Skip to content
  • Simon Marlow's avatar
    [project @ 2003-12-10 14:15:16 by simonmar] · 55042138
    Simon Marlow authored
    Add accurate source location annotations to HsSyn
    -------------------------------------------------
    
    Every syntactic entity in HsSyn is now annotated with a SrcSpan, which
    details the exact beginning and end points of that entity in the
    original source file.  All honest compilers should do this, and it was
    about time GHC did the right thing.
    
    The most obvious benefit is that we now have much more accurate error
    messages; when running GHC inside emacs for example, the cursor will
    jump to the exact location of an error, not just a line somewhere
    nearby.  We haven't put a huge amount of effort into making sure all
    the error messages are accurate yet, so there could be some tweaking
    still needed, although the majority of messages I've seen have been
    spot-on.
    
    Error messages now contain a column number in addition to the line
    number, eg.
    
       read001.hs:25:10: Variable not in scope: `+#'
    
    To get the full text span info, use the new option -ferror-spans.  eg.
    
       read001.hs:25:10-11: Variable not in scope: `+#'
    
    I'm not sure whether we should do this by default.  Emacs won't
    understand the new error format, for one thing.
    
    In a more elaborate editor setting (eg.
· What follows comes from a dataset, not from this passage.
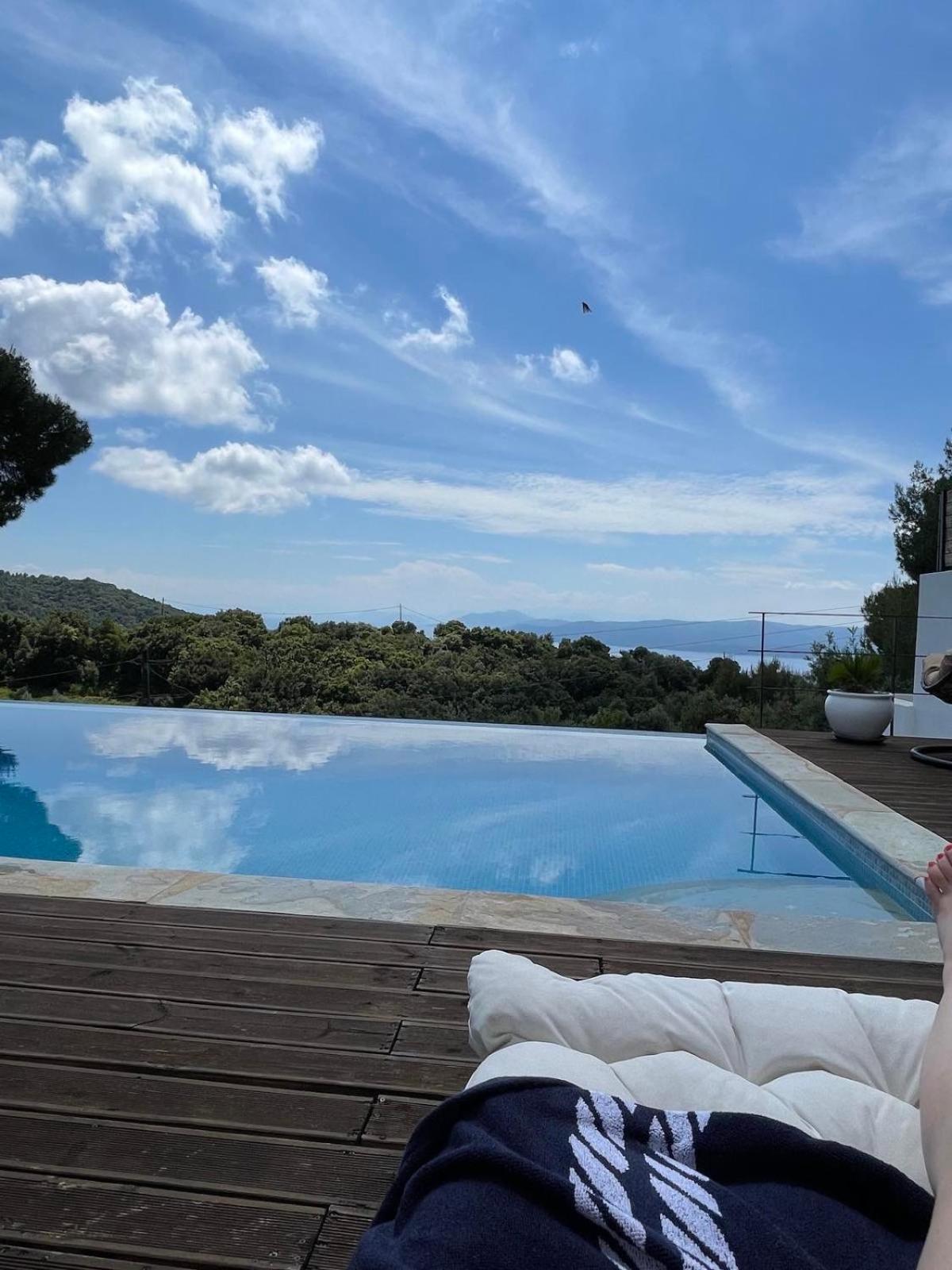 Allure Luxury Villas 3&4 Serenity Retreat Moni Evaggelistrias Esterno foto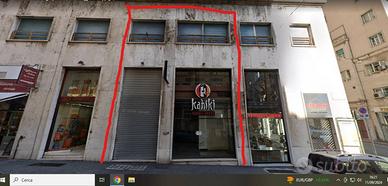 Immobile di 320 m² con 2 locali a Genova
Visual Studio), we can arrange
    to actually highlight the subexpression containing an error.  Eventually
    this information will be used so we can find elements in the abstract
    syntax corresponding to text locations, for performing high-level editor
    functions (eg. "tell me the type of this expression I just highlighted").
    
    Performance of the compiler doesn't seem to be adversely affected.
    Parsing is still quicker than in 6.0.1, for example.
    
    Implementation:
    
    This was an excrutiatingly painful change to make: both Simon P.J. and
    myself have been working on it for the last three weeks or so.  The
    basic changes are:
    
     - a new datatype SrcSpan, which represents a beginning and end position
       in a source file.
    
     - To reduce the pain as much as possible, we also defined:
    
          data Located e = L SrcSpan e
    
     - Every datatype in HsSyn has an equivalent Located version.  eg.
    
          type LHsExpr id = Located (HsExpr id)
    
       and pretty much everywhere we used to use HsExpr we now use
       LHsExpr.  Believe me, we thought about this long and hard, and
       all the other options were worse :-)
    
    
    Additional changes/cleanups we made at the same time:
    
      - The abstract syntax for bindings is now less arcane.  MonoBinds
        and HsBinds with their built-in list constructors have gone away,
        replaced by HsBindGroup and HsBind (see HsSyn/HsBinds.lhs).
    
      - The various HsSyn type synonyms have now gone away (eg. RdrNameHsExpr,
        RenamedHsExpr, and TypecheckedHsExpr are now HsExpr RdrName,
        HsExpr Name, and HsExpr Id respectively).
    
      - Utilities over HsSyn are now collected in a new module HsUtils.
        More stuff still needs to be moved in here.
    
      - MachChar now has a real Char instead of an Int.  All GHC versions that
        can compile GHC now support 32-bit Chars, so this was a simplification.
    55042138